There were still so many questions, and yet…
“I find that I do not want to believe you,” he began carefully, determined to make sure that each word rang true. “I do not want to believe you, because the tale you tell is so…fantastical, I don’t wonder that others doubt its truth. And yet I further find that, based on everything I have ever known about you, no matter how impossible what you claim happened might seem, I cannot but believe that the impossible must be—somehow—possible.”
She stared at him long and hard then, as though looking to see if he were only speaking so to humor her. Whatever she saw must have satisfied her, however, for at last her body lost its ramrod posture as she near collapsed with visible relief.
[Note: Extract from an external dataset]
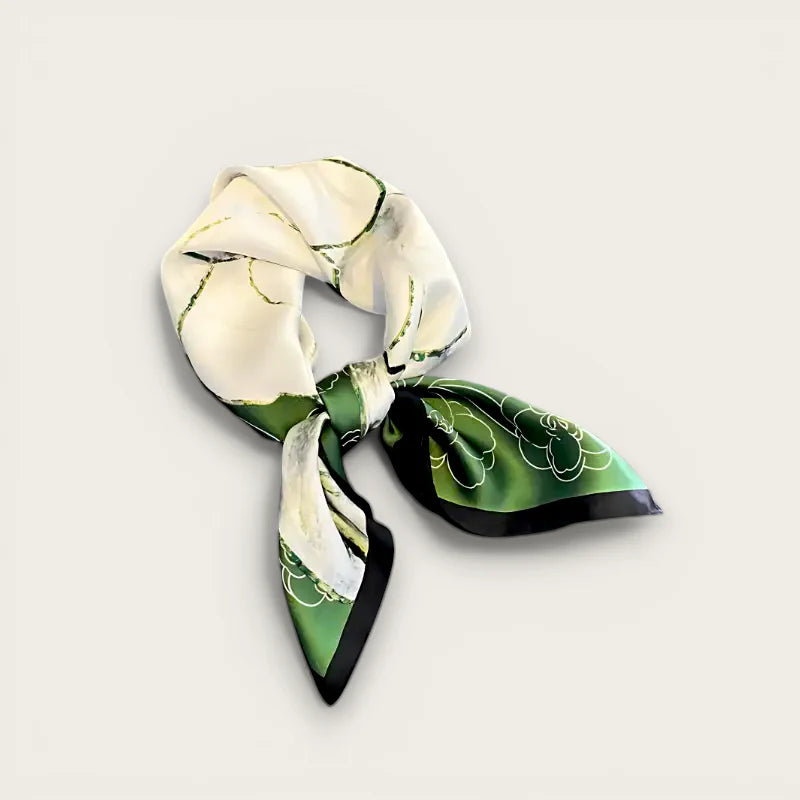 Green and white silk scarf with cream emerald floral pattern black edges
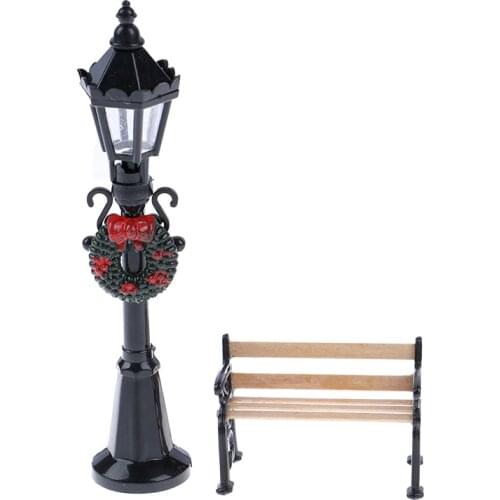 1Pcs/2Pcs 1/12 Dollhouse Miniature Christmas Park Street Lamp & Bench Doll Garden Decor Garden Furniture Miniature Decor Toy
No matter what else had happened that day, clearly the very worst was the sensation that no one believed her. And even if everyone else went on disbelieving her, perhaps even that would be all right so long as she still had Will and his belief.
“Thank you,” she breathed.
And when he moved closer, she did permit him to embrace her.
Tears came then. Not like the hysterical ones earlier in the day; these were tears of pure sadness, and Will’s eyes, at last, dampened, too.
“There’s one more thing I need to ask of you,” she said.
“Anything, Auntie.”
“That…” She inclined her head toward the kitchen. “That… I cannot wait until tomorrow and the churchyard. I cannot think with it there. That… In the end, I swear, that was no longer him.”
“Hush now,” Will said. “It is all right.” He took one of her work-worn hands in one of his, patting the back of it with his other. “Then we shall burn it.”